# Asian water monitor not eating



## eddieiguana (Nov 5, 2012)

Hello everyone I recently aquired an indonesian asian water monitor around two months old. He sleeps quiet a lot I mean a lot, and has been eating live crickets and locusts. Over the last few days he has stopped eating completely.I have tried all types is food but he is not interested. I keep monitors but never from such a young age. Anyone any tips I know they can go downhill pretty quick I'd hate to lose him.


----------



## Stivali (Apr 9, 2012)

Can you describe his viv and setup? Temps, humidity etc?


----------



## eddieiguana (Nov 5, 2012)

*Asian water monitor*

Hi Stival. 3 ft by 1 by 18 in high high humidity all day less at night temperature is around 35C < = in basking area, about 22- 25C in cool area though he generally stays in the hot area.


----------



## ShaneLuvsMonitors (Sep 27, 2008)

basking temps to low.

50c = basking spot 
hot end temps = 32c 
cool end temps 28c 

id also fill that viv end to end with stuff he can hide in hide the basking area to so he can bask in private. 

This sounds like a case of stress plus to cool temps.


----------



## eddieiguana (Nov 5, 2012)

*Asian water moniter*

Hi Shane

I'll give it a go for sure. I was afraid to increase his heat as he did feel very warm. Plus the fact that in his natural environment temps never really reach more than 35C with an average of 27 C. What's s your opinion on this?

Cheers Eddie


----------



## philipniceguy (Mar 31, 2008)

eddieiguana said:


> Hi Shane
> 
> I'll give it a go for sure. I was afraid to increase his heat as he did feel very warm. Plus the fact that in his natural environment temps never really reach more than 35C with an average of 27 C. What's s your opinion on this?
> 
> Cheers Eddie


though your temps are close to the wild temps they do not have the same surfaces to bask on eg a hot sand bank or rock.

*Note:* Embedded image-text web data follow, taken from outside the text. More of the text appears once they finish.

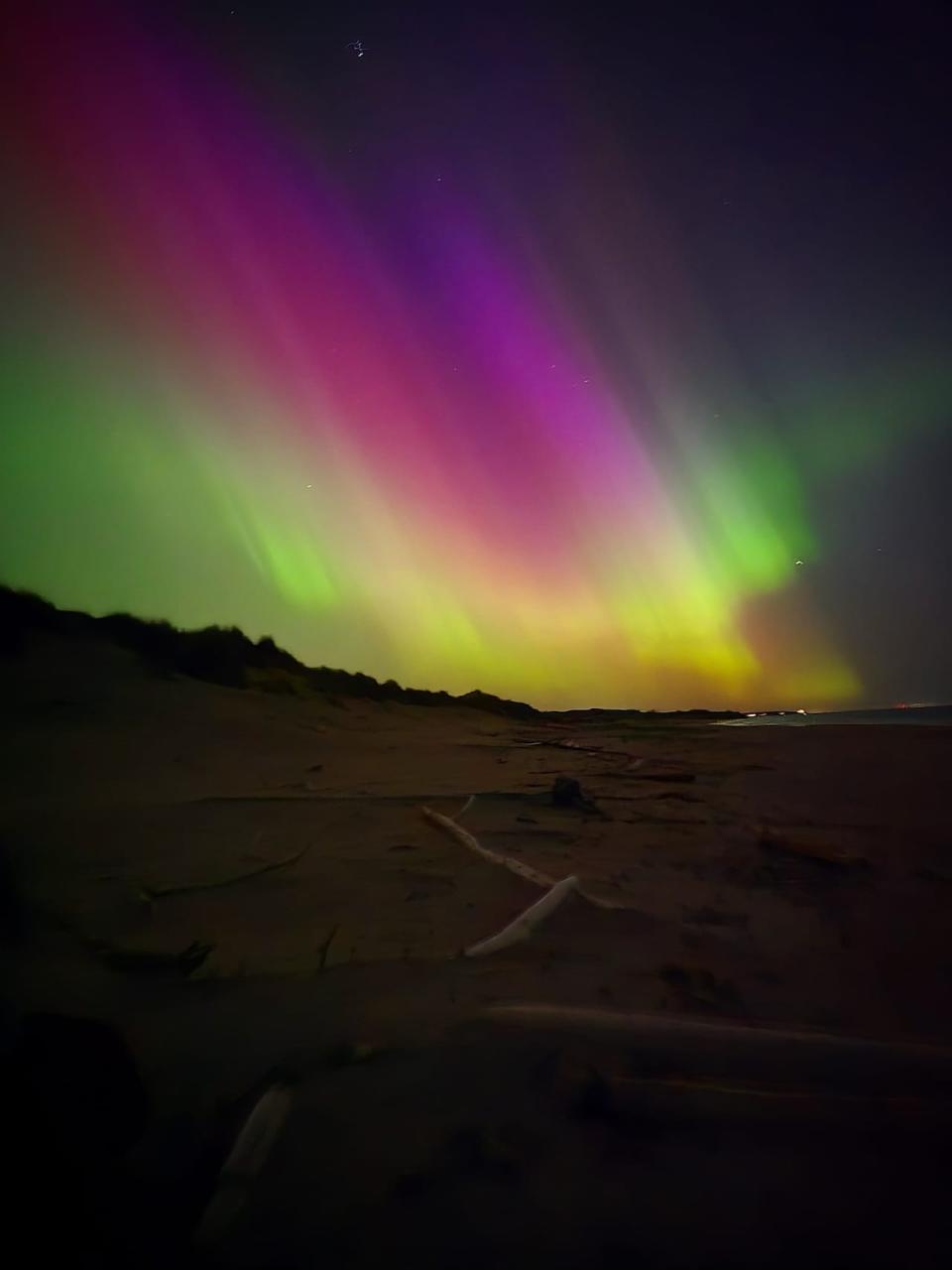 Northern Lights at Lakeside Beach.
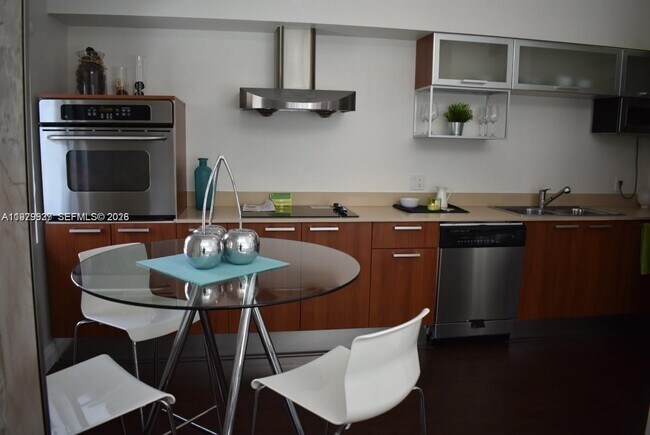 Foto del edificio - 1528 Brickell Ave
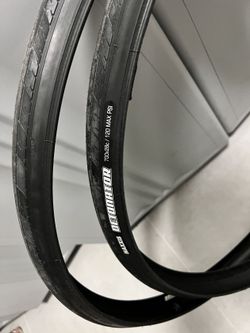 Dva nove plaste Maxxis Detonator 700x28c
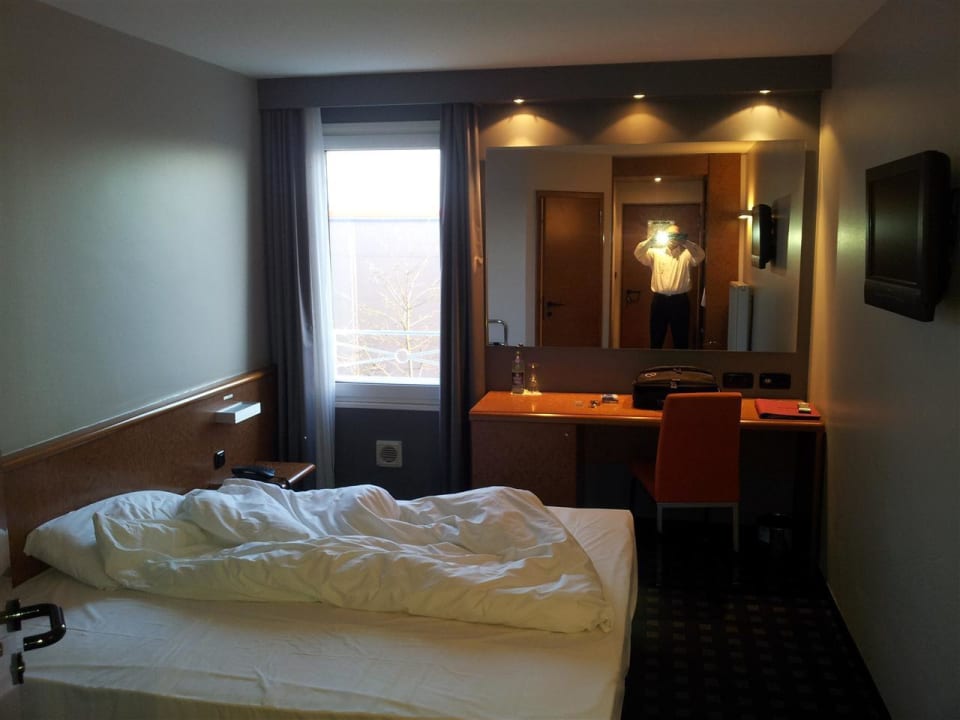 Bett & Schreibtisch ARA-Hotel Classic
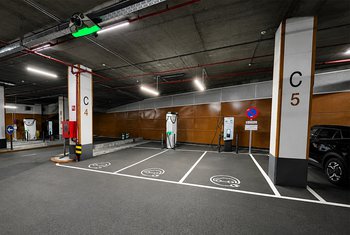 Gran Vía de Vigo amplía su infraestructura con 18 cargadores eléctricos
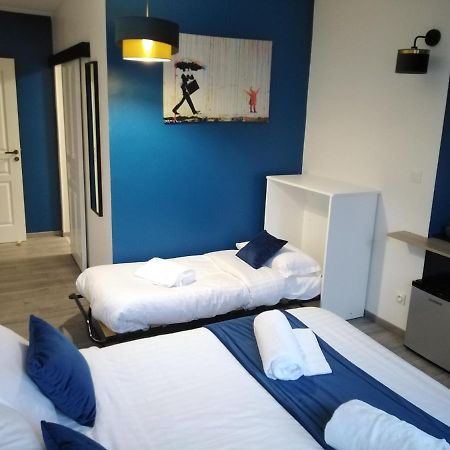 Les Remparts Hotel La Madelaine-sous-Montreuil Bagian luar foto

I would agree with shane up the temps abit. A growing water monitor should never not eat for more than 48 hours going by the few I have raised up :2thumb:, try offering cut up fluffs or chick to intice him to eat again, though as a babie locusts,crickets, roachs can and should make up the most part of the diet :2thumb:


----------



## ShaneLuvsMonitors (Sep 27, 2008)

eddieiguana said:


> Hi Shane
> 
> I'll give it a go for sure. I was afraid to increase his heat as he did feel very warm. Plus the fact that in his natural environment temps never really reach more than 35C with an average of 27 C. What's s your opinion on this?
> 
> Cheers Eddie


As you wish: 


The types of temperatures and there differences: 

First ambient temperatures: 

The temperature of the environment surrounding an object measured using a bog standard thermometer. 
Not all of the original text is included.